Sorry about that. The following convention is a game-forcing 2D relay Stayman, as used with the Symmetric Relay, a Relay Precision bidding system. This convention was described by Alan Truscott, and has appeared in print in several places. I am using this convention to illustrate several relay ideas. As this is Precision, a 1NT opening bid is relatively weak, 13-15 HCP (or 14-16). In Symmetric Relay, 1NT is a balanced hand; and it can be bid with one five-card major (but no other 4-card suit).

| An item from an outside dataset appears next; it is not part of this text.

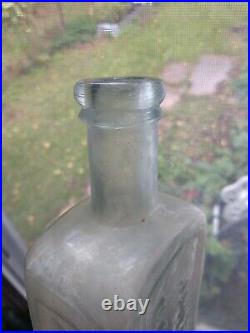 BACH'S AMERICAN COMPOUND AUBURN, N. Y, Pontiled Medicine Bottle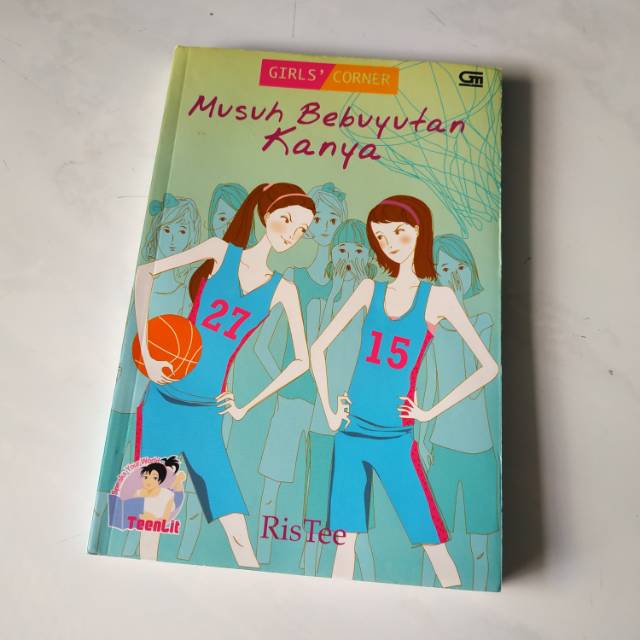 [PRELOVED] Novel Musuh Bebuyutan Kanya - RisTee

A relay is a cheap bid (usually the cheapest, to conserve bidding space) which tells absolutely nothing about the bidder's hand (except that he wants to continue relaying) and asks about Responder's hand. (Relayer's partner is called "Responder" in this article, even though he/she was the opening bidder.) It is an "asking bid." In relay systems and conventions, a whole series of relays may be bid, such as 1NT-2D(r)-2S-2NT(r)-3D-3H(r)-3NT. Here the bids marked with "(r)" were relays. They just asked the opening 1NT bidder to keep describing his/her distribution. In the end, Responder has shown his/her exact (complete) distribution. In this case, he/she has 4 spades, 3 hearts, 4 diamonds, and 2 clubs. You will soon see how I got that information. The contract should now be obvious to the Relayer. The Relayer's bids gave away no information, except that they were going to game. Since the 1NT bidder describes his/her complete distribution, this convention is not as effective when used with a strong 1NT opening bid.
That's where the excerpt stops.